MOST community mental health patients are happy with the service they receive, according to a report by a local healthcare watchdog.
The Isle of Wight LINk, which surveyed 126 community mental health patients, found eight out of ten people felt they had good access to services and received a good, or very good, level of empathy and respect.
But concern was raised about the capacity of services to cope with demands placed upon them.
More than seven out of ten said the care they had received was effective or quite effective.
One said "Every time I’ve needed someone, they have been very responsive" and another added "I have had good support with self management."
However, one in ten said they had not received enough help, and the same number said they had received very little empathy and respect.
Nearly one in five said they had not been involved in their care and most of those questioned did not know if they had a crisis plan.
One respondent said: "Mental health services need to be improved dramatically. I know there are limits but no staff have ever fully listened to the traumas I have experienced."

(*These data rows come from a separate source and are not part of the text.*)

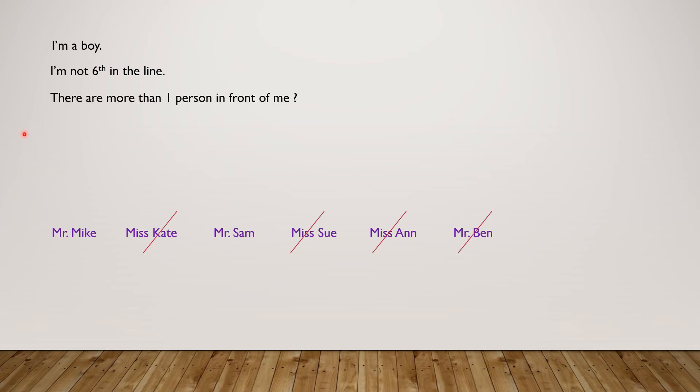There are more than one person in front of me, so I can't be Mr. Mike.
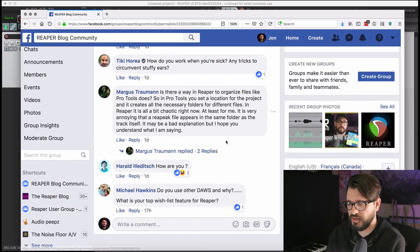Question from Tiki: how do you work when you're sick? Any tricks to circumvent stuffy ears? I'm lucky that I don't get sick all that often, but what's helped in the past is getting a really hot shower and just keep blowing your nose until your head is clear. It's gross, but it really helps.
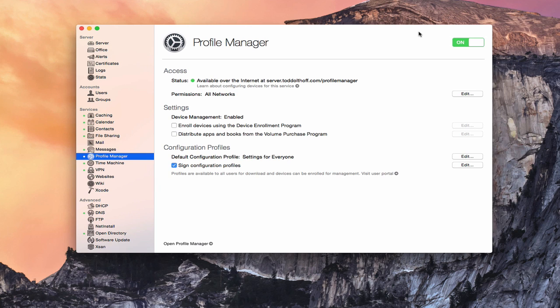Hi, this is Todd Oltoff from ToddOltoff.com coming back at you with another screencast. And this week we're going to continue our look at Profile Manager.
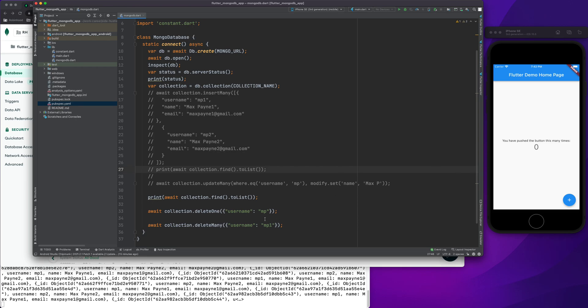After completing this series, I am planning to do a full end-to-end application like maybe an Airbnb clone or Amazon clone. This fundamental is important, that's why I created a small mini-series on how we can connect our Flutter app to MongoDB and then insert, update, delete, and retrieve entries.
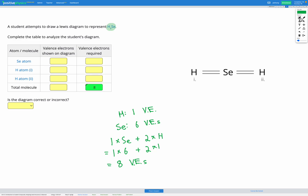Now let's look at our diagram and count the number of valence electrons shown. We have a double bond here — each single bond represents two electrons, so this double bond represents four electrons. Then we have another double bond, which represents another four electrons, for a running total of eight. There are no lone pairs drawn, so we only have electrons in covalent bonds, giving us eight total — which matches the required number.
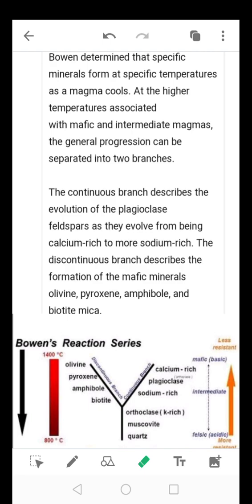Like I told you, Bowen's Reaction Series — Norman Bowen found by experiment that the order in which minerals crystallize from a basaltic magma depends on temperature. As a basaltic magma cools, olivine and calcium-rich plagioclase crystallize first. Upon cooling, olivine reacts with the liquid to produce pyroxenes, and with further reaction with the liquid it will produce less calcium-rich — that is to say, sodium-rich — plagioclase. But if the olivine and calcium-rich plagioclase are removed from the liquid by the process of crystal fractionation...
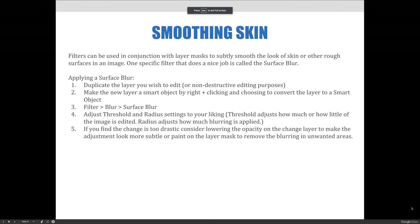Filters can be used in conjunction with layer masks to subtly smooth the look of skin or other rough surfaces in an image. One specific filter that does a nice job is called the surface blur. We'll cover filters in more detail later in the semester, but for now we thought it'd be good to experiment with using the surface blur for retouching purposes.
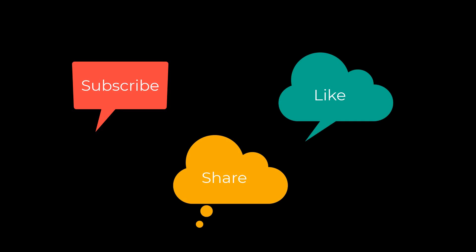Don't forget to subscribe, share and like. I'll see you next time.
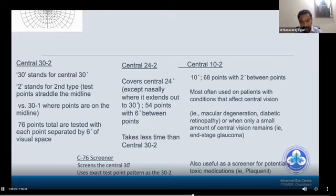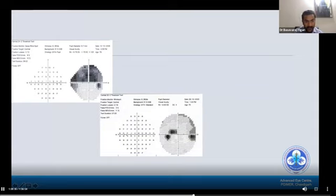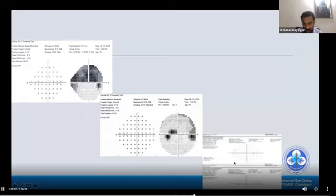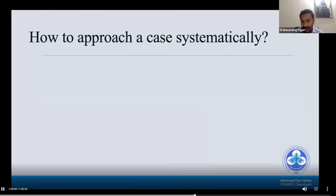This is a 24-2 grayscale visual field printout showing 24 degrees in all quadrants except the nasal side where it depicts 30 degrees. The 30-2 gives 30 degrees in all four quadrants. This is the 76 screening point printout. I apologize for the poor image quality.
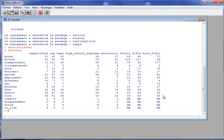I will perform the correspondence analysis and put the results in an object called 'res'. The dataset is 'children', and I will specify that rows 15 to 18 correspond to supplementary rows.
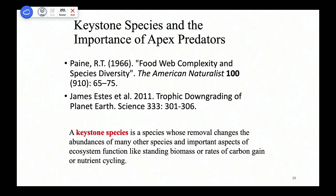Remember the business about keystone species and the importance of apex predators? Bob Paine discovered that the big predator in the Washington state intertidal — a large starfish called Pisaster — if you removed it, the ecosystem collapsed to a monoculture of mussels or gooseneck barnacles. With Pisaster present, you got many species coexisting happily. James Estes then discovered that around the world, top predators like the tiger are essential for maintaining ecosystems as we see them, and that when they're removed you get a fundamental structural change in the ecosystem.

Concerns were raised about the variation in the quality of care depending on individual health workers, and the service was struggling to cope with the number of patients, currently around 1,800.

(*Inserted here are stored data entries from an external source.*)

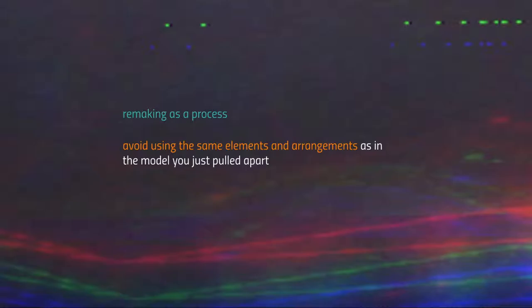If something in a state of inertia falls into crisis, usually it's already too late to make any changes, and the entire model is pulled apart by reality itself. This is what collapse is. So in order to avoid falling into inertia, it's crucial to undergo this process of analysis and synthesis — and when it comes to the synthesis stage, avoid using the same elements and arrangements as in the model you just pulled apart.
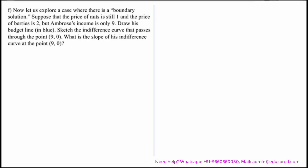In this video we will be solving a question that explores a case where there is a boundary solution. Suppose the price of nuts is 1, the price of berries is 2, and Ambrose's income is only 9.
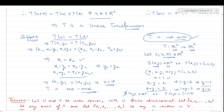Therefore, there does not exist any (x, y) ∈ R² such that T(x, y) = (1, 2, 3). Hence T is not onto. This means the given linear transformation is not onto, because we found an element in R³ — namely (1, 2, 3) — whose pre-image does not exist in R².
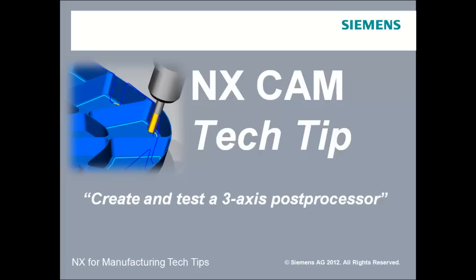Welcome to Post Builder Lesson 2. In this lesson, we will start Post Builder and create and test a 3-axis post processor.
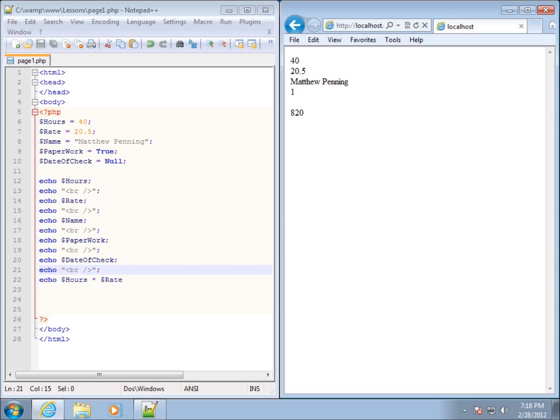In the last lesson, we started introducing some variables within our PHP code. Now, in this lesson, I want to briefly talk about case sensitivity within PHP code.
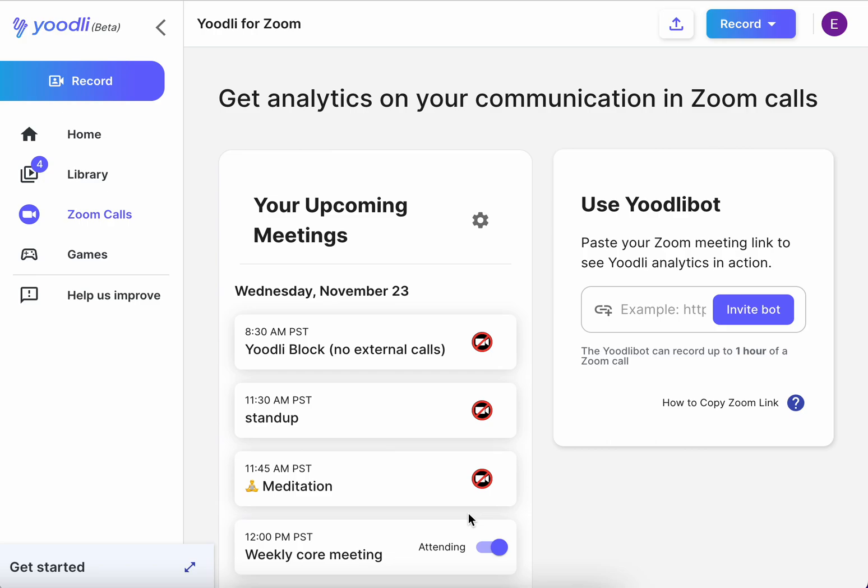You can toggle which meetings you want the Udely bot to automatically join by selecting this control.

"What is emerging is the capacity of services to cope with the demands being placed upon it," said the report.
"Workload figures produced by the Isle of Wight NHS Trust reveal a service silting up with patients. The lack of ongoing support mechanisms within the community is creating blockages (500-plus currently in the rehabilitation system and 200-plus in the acute and recovery phase after one year)."
Project lead Paddy Noctor said: "The report, which interviewed a good proportion of community mental health service users on the Island, showed services were accessible and most people received good treatment from staff.
"There were a few areas for improvement, including the inconsistency in crisis planning, support for those living in their own homes and the lack of a really independent service user network.
"We are looking forward to working with commissioners and providers to help implement improvements in these areas."